As a newbie, I’ve been receiving files via email, copying them to my Jupyter Notebook folder, running my script, emailing the resulting outputs back to my customer. As a prospective data scientist I’ve been feeling positively embarrassed about this ridiculously low-tech process! Thanks to my colleagues Shaun and Christine, I’ve been set onto the path of automation – thanks guys :). Here’s what I learned about this setup:
Resources
- How job scheduling works
- Making sure your bash_profile is correct
- Using runipy for command line execution
My crontab recipe (MAC OS)
- Make sure the runipy package is installed and updated
- From the Terminal command line, change to the directory where your .ipynb notebook is located and then check that you can run it successfully via the command line:
runipy MyNotebook.ipynb OutputNotebook.ipynb
The above will run the original and output the results to the new (I just like to make sure my original is definitely definitely not affected in any way – this is probably paranoid!)

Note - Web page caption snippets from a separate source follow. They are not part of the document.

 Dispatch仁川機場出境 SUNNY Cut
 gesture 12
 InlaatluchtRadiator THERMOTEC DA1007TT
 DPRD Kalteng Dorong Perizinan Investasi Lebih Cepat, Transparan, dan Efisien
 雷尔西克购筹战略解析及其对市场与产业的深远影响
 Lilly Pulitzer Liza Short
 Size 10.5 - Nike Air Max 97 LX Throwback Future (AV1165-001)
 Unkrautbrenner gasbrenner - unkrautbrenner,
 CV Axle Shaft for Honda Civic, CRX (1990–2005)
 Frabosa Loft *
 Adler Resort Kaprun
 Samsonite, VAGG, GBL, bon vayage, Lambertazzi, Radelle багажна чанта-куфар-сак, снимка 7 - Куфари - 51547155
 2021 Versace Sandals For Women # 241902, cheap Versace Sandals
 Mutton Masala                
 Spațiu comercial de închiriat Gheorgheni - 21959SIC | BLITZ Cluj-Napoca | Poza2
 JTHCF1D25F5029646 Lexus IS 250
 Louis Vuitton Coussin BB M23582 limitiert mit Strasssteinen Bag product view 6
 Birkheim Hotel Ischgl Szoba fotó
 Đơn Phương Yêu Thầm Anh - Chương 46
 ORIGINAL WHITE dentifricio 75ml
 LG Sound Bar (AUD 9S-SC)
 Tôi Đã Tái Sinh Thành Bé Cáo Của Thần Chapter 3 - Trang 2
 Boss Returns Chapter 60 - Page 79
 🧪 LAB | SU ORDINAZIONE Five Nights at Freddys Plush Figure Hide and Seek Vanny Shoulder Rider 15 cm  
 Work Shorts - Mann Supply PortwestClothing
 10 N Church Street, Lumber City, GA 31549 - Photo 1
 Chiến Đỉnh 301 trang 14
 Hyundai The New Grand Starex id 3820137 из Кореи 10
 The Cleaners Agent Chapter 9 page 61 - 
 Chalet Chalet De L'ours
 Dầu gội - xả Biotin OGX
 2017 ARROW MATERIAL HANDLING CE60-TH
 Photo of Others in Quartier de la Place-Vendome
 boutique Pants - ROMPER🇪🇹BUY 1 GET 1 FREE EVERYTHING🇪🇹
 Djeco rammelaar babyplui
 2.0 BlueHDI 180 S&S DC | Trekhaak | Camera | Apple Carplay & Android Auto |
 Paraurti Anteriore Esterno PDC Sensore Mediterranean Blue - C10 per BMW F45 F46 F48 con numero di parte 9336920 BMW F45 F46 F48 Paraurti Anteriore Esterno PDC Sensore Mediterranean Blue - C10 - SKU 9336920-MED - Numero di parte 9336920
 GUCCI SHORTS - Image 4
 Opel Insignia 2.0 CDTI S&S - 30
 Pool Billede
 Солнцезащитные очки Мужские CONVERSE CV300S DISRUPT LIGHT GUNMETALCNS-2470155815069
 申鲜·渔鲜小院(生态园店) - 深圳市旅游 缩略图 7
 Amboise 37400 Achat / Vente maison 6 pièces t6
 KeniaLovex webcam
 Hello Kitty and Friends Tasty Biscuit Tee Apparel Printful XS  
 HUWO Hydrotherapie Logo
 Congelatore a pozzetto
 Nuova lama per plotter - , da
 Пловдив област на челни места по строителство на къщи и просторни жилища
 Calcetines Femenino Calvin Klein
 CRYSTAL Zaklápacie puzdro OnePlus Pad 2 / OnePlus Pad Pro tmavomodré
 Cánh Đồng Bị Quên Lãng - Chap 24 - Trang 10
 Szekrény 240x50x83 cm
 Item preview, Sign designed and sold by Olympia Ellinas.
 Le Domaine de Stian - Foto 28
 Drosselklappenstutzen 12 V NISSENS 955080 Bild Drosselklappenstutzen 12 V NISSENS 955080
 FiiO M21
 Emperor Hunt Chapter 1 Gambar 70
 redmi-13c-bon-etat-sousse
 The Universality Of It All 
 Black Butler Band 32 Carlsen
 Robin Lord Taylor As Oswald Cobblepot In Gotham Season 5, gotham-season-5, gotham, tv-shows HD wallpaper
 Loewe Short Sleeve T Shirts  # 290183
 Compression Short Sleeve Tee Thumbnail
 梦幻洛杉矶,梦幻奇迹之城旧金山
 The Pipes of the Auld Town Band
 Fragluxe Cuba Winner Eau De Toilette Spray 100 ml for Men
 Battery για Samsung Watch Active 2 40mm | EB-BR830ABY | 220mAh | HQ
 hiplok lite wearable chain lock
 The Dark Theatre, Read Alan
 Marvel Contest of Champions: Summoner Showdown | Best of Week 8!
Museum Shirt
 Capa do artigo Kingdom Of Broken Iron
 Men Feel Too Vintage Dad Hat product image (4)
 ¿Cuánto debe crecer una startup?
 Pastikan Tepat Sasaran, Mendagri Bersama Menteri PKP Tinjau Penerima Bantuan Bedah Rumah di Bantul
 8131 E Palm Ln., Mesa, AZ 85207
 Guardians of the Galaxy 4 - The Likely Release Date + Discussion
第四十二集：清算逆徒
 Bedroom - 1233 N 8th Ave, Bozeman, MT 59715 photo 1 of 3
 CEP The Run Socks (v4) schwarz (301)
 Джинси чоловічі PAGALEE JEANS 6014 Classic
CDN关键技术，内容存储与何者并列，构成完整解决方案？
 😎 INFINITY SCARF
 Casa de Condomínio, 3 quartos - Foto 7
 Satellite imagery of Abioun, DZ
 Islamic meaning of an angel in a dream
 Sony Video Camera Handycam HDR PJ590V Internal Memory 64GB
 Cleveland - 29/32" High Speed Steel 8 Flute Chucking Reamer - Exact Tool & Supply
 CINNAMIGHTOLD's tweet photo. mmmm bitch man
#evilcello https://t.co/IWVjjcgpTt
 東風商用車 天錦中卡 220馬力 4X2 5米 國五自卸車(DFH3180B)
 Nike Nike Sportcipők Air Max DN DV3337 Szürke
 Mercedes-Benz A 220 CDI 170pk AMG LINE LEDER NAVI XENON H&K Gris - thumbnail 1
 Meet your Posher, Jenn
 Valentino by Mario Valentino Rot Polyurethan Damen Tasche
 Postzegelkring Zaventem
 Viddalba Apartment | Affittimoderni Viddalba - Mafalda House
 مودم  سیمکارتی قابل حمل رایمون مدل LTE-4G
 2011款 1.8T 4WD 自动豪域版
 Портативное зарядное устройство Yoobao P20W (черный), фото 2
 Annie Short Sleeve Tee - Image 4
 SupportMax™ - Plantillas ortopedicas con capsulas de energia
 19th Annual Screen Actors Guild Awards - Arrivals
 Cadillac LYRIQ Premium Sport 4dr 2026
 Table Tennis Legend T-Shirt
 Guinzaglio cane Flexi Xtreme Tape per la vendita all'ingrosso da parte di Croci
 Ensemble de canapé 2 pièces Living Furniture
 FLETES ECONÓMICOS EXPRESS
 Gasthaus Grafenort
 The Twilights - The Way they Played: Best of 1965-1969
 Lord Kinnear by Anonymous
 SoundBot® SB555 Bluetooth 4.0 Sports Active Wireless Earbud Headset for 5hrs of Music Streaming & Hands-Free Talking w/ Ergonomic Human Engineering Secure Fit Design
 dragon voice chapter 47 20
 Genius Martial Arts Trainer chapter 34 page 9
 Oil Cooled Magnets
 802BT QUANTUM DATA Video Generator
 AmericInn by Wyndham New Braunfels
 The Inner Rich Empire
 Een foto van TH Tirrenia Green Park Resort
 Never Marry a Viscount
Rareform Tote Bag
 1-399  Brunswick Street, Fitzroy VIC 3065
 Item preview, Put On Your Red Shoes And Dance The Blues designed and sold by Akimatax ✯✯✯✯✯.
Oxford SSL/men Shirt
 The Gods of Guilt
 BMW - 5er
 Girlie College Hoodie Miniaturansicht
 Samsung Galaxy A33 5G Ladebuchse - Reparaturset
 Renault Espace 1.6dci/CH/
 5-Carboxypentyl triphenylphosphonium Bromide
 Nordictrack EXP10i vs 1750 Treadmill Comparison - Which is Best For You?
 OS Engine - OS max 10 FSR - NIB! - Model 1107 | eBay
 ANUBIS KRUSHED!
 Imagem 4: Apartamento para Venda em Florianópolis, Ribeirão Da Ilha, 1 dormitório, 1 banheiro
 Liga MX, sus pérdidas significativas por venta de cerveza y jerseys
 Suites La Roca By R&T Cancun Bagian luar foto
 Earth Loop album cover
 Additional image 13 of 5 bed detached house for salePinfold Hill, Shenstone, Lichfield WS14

- Now let’s fire up Crontab. From the command line:
env EDITOR=nano crontab -e
The Crontab window is displayed.
- Use the following format, described in detail here to construct the commands required:
* * * * * command1 && command2 && command3, etc.
My example was as follows:
14 8 * * * .~/.bash_profile && cd ~ && cd Docs && runipy viz.ipynb viz_out ipynb
- Sourcing your regular bash_profile (.~/.bash_profile) before anything else is crucial otherwise you will find that commands that normally work suddenly don’t work for reasons explained in detail here.
- Use Ctrl + O to save, and Ctrl + X to exit.
- You will receive mail via the command line! Just type mail to select the latest mail and read what the problems were, if any.
NOTE! If you can’t run your .ipynb file via the command line then it definitely won’t run in Crontab, so make sure you resolve any command line issues first and then only attempt scheduling… I know, I know – it’s obvious now… 🙂